There are so many options. We've done a few things:
Grilled corn on the cob (left a few layers of husk on to keep kernels moist as they cook)
Pork chops (rubbed with salt & pepper first)
Grill potato fries (wedges, sprinkled with some oilive oil, S&P and grilled slow)
Chicken breasts (with a bit of lemon juice, S&P and some chicken seasoning)
Kabobs of onions, peppers, zucchini, mushrooms

Last night we did Grilled Tilapia with Mango Salsa and it was fabulous.
(ingredients pile)


(marinade)

 (filets soaking up the goodness of lemon and oil and garlic and parsley and basil)

We shared cooking duties, as usual, although he ended up doing more than I. :) I bought some fish the other day & mentioned it as something we should have next grilling. He found this recipe. I grabbed a couple things at the store and made the marinade (which the tilapia sits in for an hour - or 3, if you're like me). He started the grill. I peeled and cut up the mango and he chopped peppers and had the stinging jalepeno hands. I chopped fresh cilantro and reveled in the smell that he doesn't particularly care for; he measured and mixed. And then he grilled the thin filets of tilapia over the hot coals for some perfection of about 2 minutes per side, while I stood close enough to soak up all the smoke, and make small panicked noises when I thought the fish was going to slide through the grill, and poke it with a fork when it was done, just to be sure, and tell him how awesome he was. We make a good team.

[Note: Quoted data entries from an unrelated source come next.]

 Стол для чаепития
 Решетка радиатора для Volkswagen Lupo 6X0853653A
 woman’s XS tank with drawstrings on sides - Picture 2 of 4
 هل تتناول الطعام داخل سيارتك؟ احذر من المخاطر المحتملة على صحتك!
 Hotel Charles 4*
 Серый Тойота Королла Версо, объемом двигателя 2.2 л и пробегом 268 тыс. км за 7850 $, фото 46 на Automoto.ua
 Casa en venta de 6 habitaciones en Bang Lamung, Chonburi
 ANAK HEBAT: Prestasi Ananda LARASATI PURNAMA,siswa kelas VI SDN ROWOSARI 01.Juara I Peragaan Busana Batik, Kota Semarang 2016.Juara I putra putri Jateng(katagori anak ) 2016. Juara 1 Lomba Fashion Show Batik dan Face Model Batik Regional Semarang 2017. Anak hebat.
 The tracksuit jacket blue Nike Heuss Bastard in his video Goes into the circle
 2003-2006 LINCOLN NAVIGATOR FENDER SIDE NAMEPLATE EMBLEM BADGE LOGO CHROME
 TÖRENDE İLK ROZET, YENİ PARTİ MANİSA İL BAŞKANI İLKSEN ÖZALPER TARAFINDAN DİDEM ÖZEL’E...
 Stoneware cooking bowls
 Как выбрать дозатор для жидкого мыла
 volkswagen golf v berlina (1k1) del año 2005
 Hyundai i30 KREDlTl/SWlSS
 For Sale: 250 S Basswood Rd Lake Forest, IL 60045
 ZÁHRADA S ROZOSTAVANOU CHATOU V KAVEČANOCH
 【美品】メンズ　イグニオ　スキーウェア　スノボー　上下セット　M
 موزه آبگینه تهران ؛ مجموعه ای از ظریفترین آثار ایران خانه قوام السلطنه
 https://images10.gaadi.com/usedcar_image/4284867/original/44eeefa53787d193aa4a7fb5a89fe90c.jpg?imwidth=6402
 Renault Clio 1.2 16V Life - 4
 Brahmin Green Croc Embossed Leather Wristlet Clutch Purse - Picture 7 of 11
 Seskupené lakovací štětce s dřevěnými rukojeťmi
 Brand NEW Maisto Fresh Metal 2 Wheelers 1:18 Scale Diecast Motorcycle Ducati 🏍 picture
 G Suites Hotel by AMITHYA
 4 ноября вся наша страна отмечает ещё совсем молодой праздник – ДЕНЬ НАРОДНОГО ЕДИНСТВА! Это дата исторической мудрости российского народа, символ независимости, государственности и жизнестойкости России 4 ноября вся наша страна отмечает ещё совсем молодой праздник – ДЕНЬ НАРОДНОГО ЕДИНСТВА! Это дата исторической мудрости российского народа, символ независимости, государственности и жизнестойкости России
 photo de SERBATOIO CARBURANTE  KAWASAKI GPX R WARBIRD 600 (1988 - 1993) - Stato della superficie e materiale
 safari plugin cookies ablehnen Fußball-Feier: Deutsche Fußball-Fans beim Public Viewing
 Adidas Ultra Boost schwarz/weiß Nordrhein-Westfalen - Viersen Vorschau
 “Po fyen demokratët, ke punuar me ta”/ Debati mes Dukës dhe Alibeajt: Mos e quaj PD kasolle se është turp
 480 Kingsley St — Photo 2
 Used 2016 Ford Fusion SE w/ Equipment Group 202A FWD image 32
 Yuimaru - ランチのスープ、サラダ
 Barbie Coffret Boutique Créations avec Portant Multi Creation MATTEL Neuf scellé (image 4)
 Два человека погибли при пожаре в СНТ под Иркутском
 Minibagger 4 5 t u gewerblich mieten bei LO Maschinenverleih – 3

Unfortunately I didn't take a picture of the finished product. My sister and her fiance arrived and things got exciting. There was a new sparkly ring to admire. The food was all getting done. Hunger happened. Wine was uncorked. So no photographic evidence of the end result, but it did look similar to the recipe photo. I guess our salsa was a bit juicier.

*the only alteration we made to this was I used all fresh herbs, and we used about 1/2 the jalepeno.

Wednesday, November 14, 2012

Healthy and Happy Potato Soup

Monday was a day for soup. Ergo, I went shopping for very specific items and made a pot of it. I had in mind my mom's utterly comfortable potato soup, but wanted it a little more refined and healthy, a little more bacony, and wanted to skip one ingredient hers has that I think just might not belong. It was a good experiment, and I'm writing it down for the sake of posterity, or maybe just so I remember how to do it again. My method is pretty relaxed and unmeasured, so I apologize if you aren't the kind of person who eyeballs it, or adds ingredients by pinch and slosh.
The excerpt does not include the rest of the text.